**Brief:** Only the pictures are to be left out; set down the rest of the records exactly.

[Stored data]

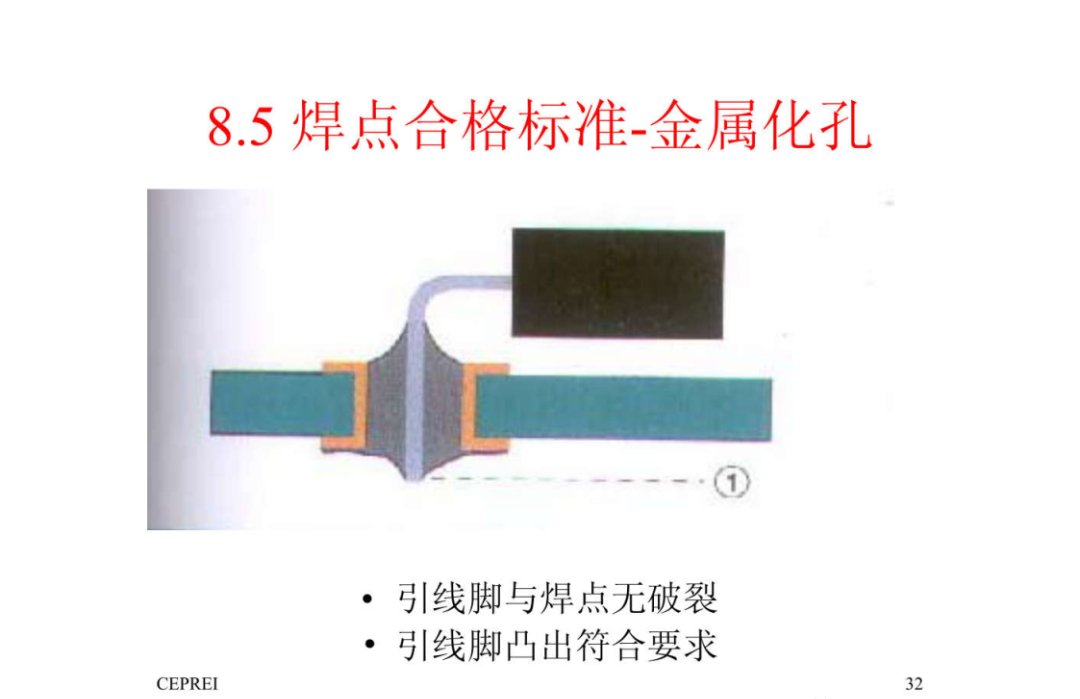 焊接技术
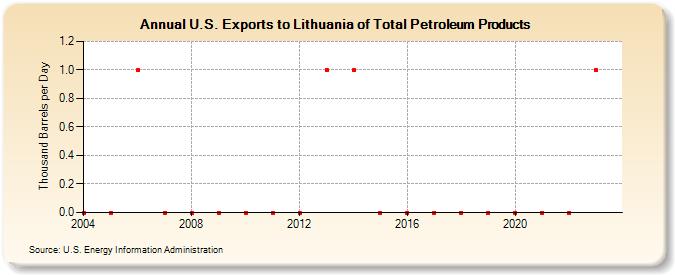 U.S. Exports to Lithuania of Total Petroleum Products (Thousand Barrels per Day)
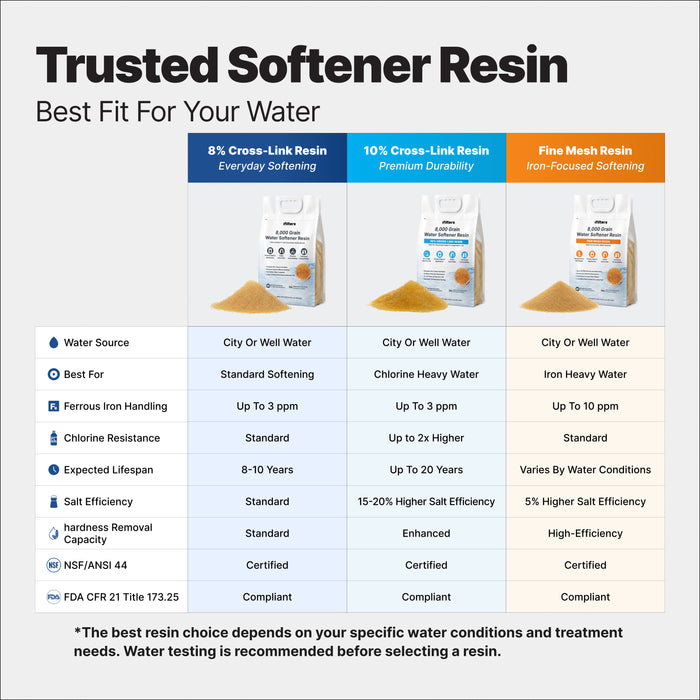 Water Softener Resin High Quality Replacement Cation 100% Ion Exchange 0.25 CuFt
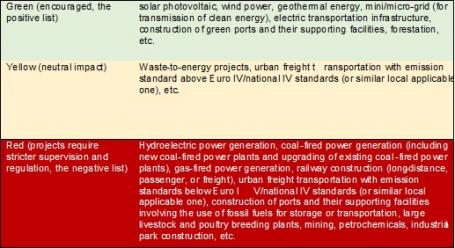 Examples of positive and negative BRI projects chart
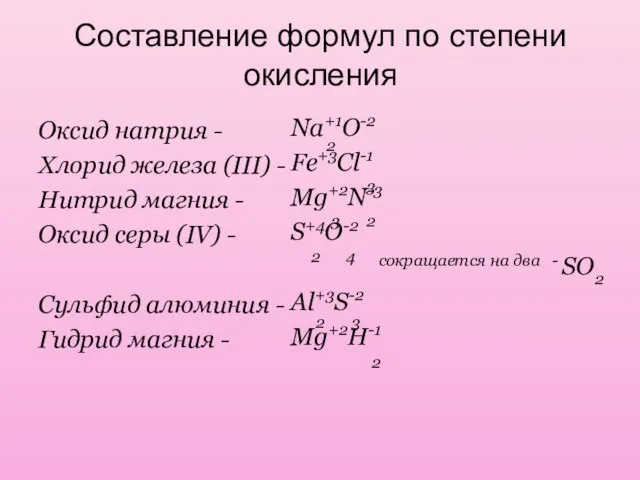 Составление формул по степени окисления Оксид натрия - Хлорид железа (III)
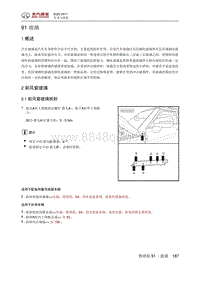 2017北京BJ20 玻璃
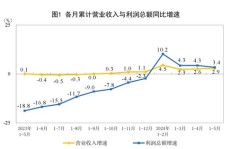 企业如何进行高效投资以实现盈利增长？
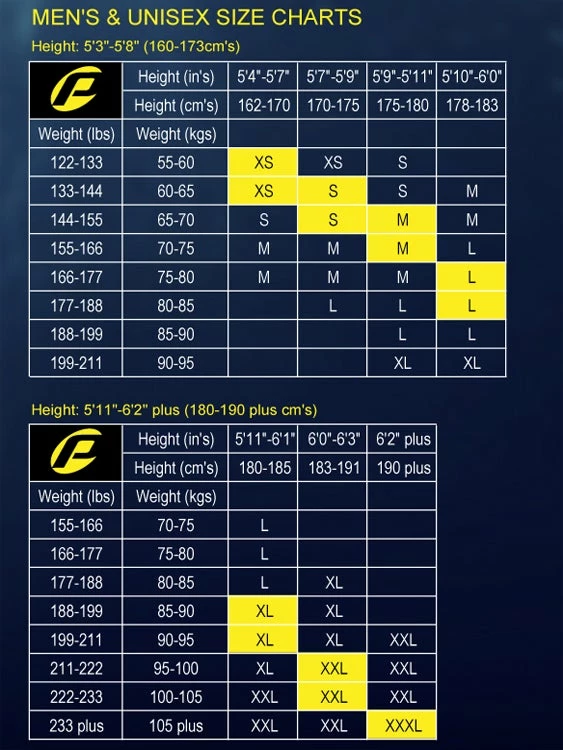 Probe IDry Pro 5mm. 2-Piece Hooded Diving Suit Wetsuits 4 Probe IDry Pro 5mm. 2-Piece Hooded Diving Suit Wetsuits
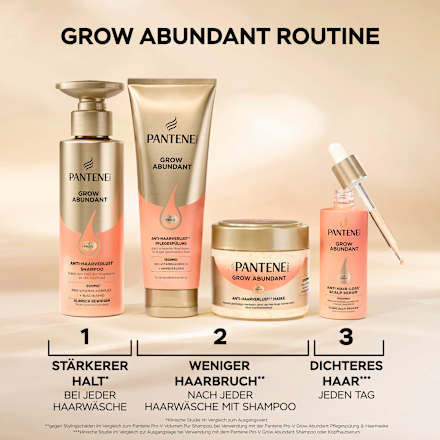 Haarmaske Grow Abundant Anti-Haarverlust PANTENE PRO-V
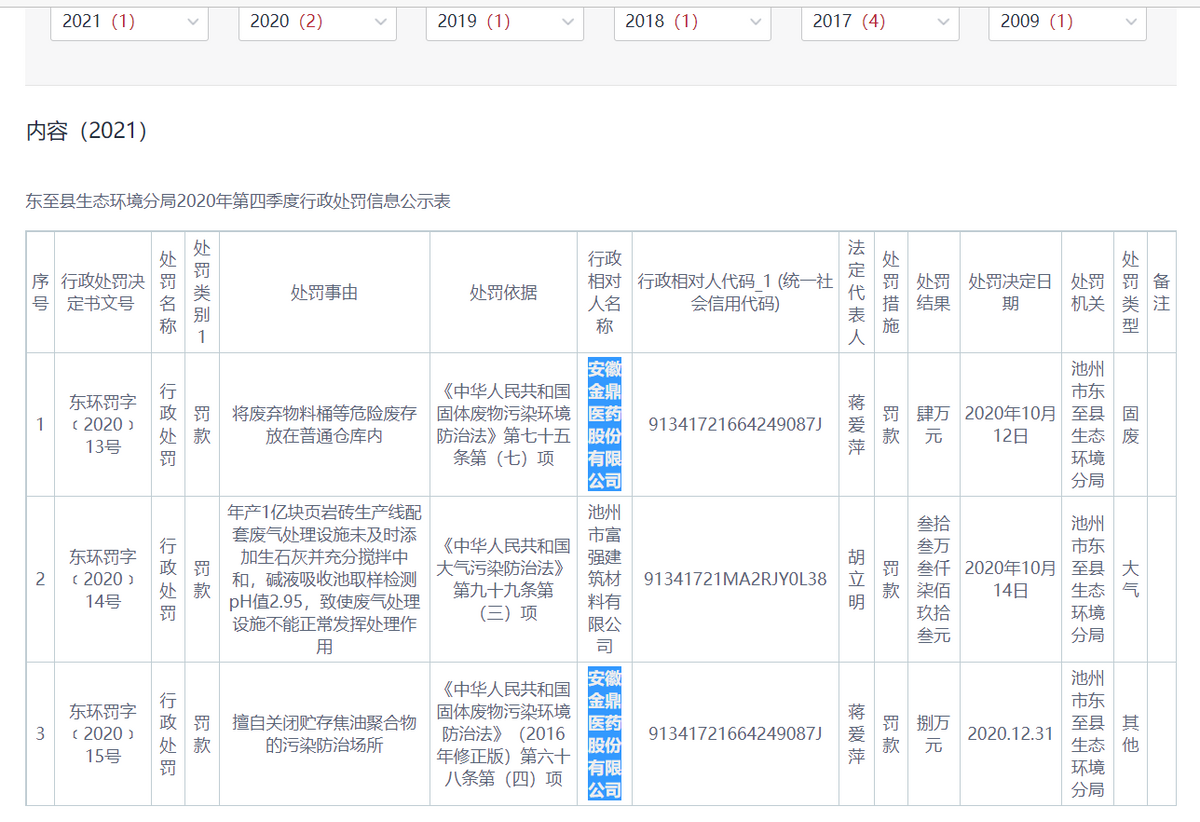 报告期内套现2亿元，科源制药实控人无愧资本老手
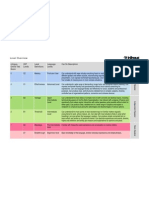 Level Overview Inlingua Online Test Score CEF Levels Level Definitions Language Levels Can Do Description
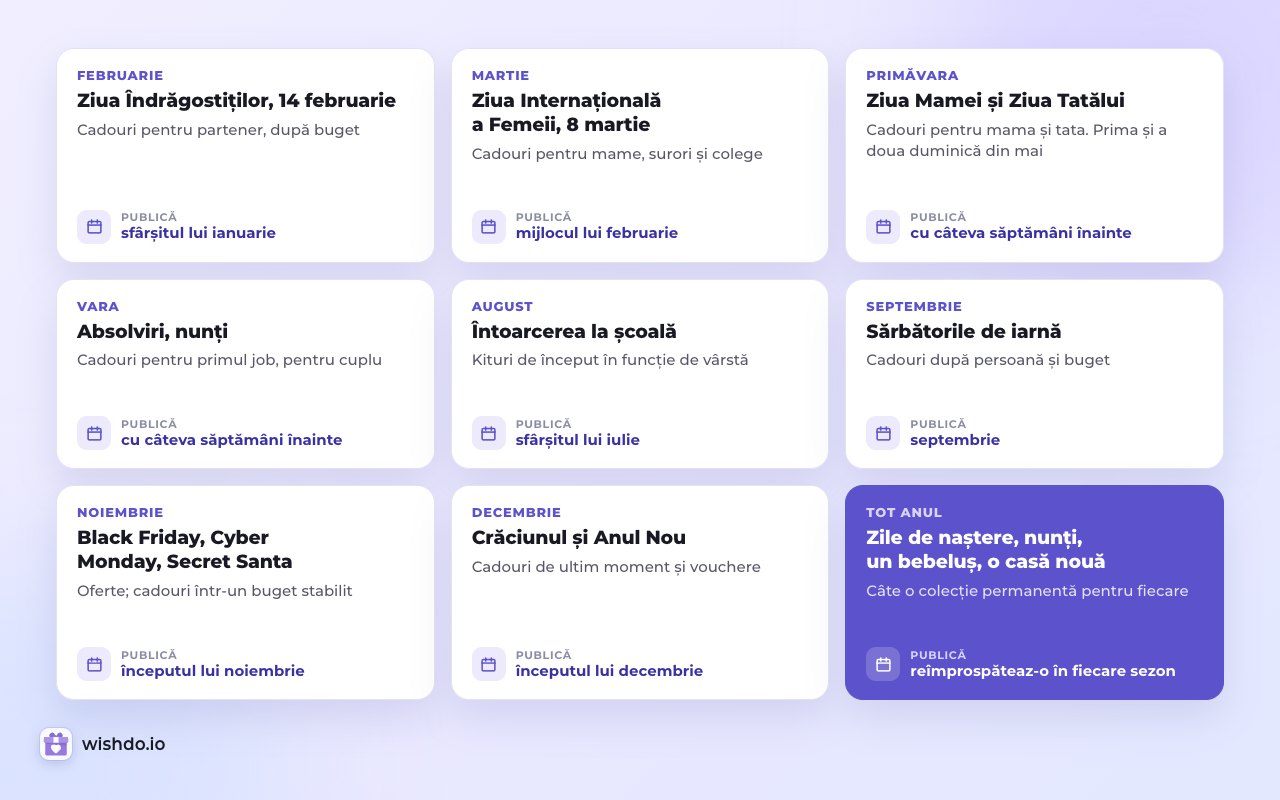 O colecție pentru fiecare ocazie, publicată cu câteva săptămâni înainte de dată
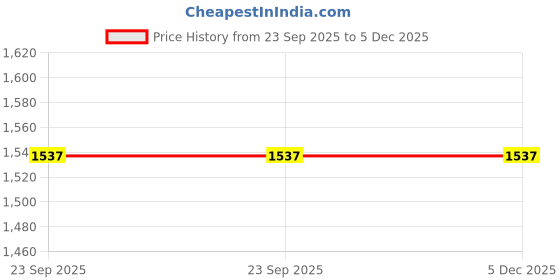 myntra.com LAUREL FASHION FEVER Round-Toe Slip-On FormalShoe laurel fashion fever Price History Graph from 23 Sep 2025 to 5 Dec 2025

**Finished task:**
 焊接技术
 U.S. Exports to Lithuania of Total Petroleum Products (Thousand Barrels per Day)
 Water Softener Resin High Quality Replacement Cation 100% Ion Exchange 0.25 CuFt
 Examples of positive and negative BRI projects chart
 Составление формул по степени окисления Оксид натрия - Хлорид железа (III)
 2017北京BJ20 玻璃
 企业如何进行高效投资以实现盈利增长？
 Probe IDry Pro 5mm. 2-Piece Hooded Diving Suit Wetsuits 4 Probe IDry Pro 5mm. 2-Piece Hooded Diving Suit Wetsuits
 Haarmaske Grow Abundant Anti-Haarverlust PANTENE PRO-V
 报告期内套现2亿元，科源制药实控人无愧资本老手
 Level Overview Inlingua Online Test Score CEF Levels Level Definitions Language Levels Can Do Description
 O colecție pentru fiecare ocazie, publicată cu câteva săptămâni înainte de dată
 myntra.com LAUREL FASHION FEVER Round-Toe Slip-On FormalShoe laurel fashion fever Price History Graph from 23 Sep 2025 to 5 Dec 2025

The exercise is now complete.